Religious support of scientific endeavours usually only goes as far as such results support their holy books and dogma - but once a conflict arises such as cosmology and evolution, religion turns on science like a rabid dog.


----------



## Shacklez (Oct 12, 2011)

*Re: Futuristic inventions you'd like to see but will never be possible in our lifetim*

Jetpacks, hoverboards, hover brooms, that kind of thing. 
Just because i have this stupid dream of wanting to fly without being inside a plain, helicopter anything that confines you in the one place without having the feeling of air about you, the thought of being able to openly fly like that makes me giddy if that's the right word to use.


----------



## BRN (Oct 12, 2011)

*Re: Futuristic inventions you'd like to see but will never be possible in our lifetim*



lilEmber said:


> If I could then I would invent it, genus.
> Though you're right about it being more like the idea they had in Star Trek, though even more advanced than that.



Star Trek is advanced in the sense that Harry Potter is advanced - in suspending your disbelief, but not in actual science. It's commonly known that the teleporter in the show was literally just a budget move.

 And when I say describe it, I don't mean describe how to make it. Are we talking energy fields? All of the common stereotypes for deflector shields - plasma, gravity fields - defy science. It's not a 'potential future invention' so much as an impossible dream.


----------



## lilEmber (Oct 12, 2011)

*Re: Futuristic inventions you'd like to see but will never be possible in our lifetim*



SIX said:


> Star Trek is advanced in the sense that Harry Potter is advanced - in suspending your disbelief, but not in actual science. It's commonly known that the teleporter in the show was literally just a budget move.
> 
> And when I say describe it, I don't mean describe how to make it. Are we talking energy fields? All of the common stereotypes for deflector shields - plasma, gravity fields - defy science. It's not a 'potential future invention' so much as an impossible dream.
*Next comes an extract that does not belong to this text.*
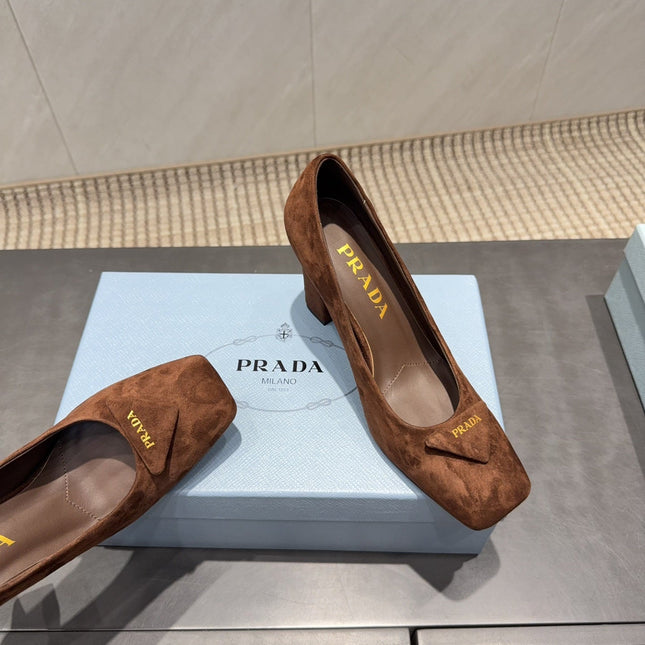 PRADA 26S SQUARE TOE HIGH HEELS 85MM IN CARAMEL BROWN SUEDE WITH LOGO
Energy shield and energy deflection technology hasn't even sparked in mathematical theory yet, how are you even suppose to comprehend an actual answer to your inquiry? You're asking me to explain some sort of quantum energy theory, an equation that doesn't exist and, if it ever does, won't for long after your or my lifetime. Eventually some sort of energy deflection shield has to be made, simply because at some point that will be the next step.


----------



## CynicalCirno (Oct 12, 2011)

*Re: Futuristic inventions you'd like to see but will never be possible in our lifetim*

Main project in our lifetime - extend our lifetime.
Main project in our extented lifetime - extend our lifetime.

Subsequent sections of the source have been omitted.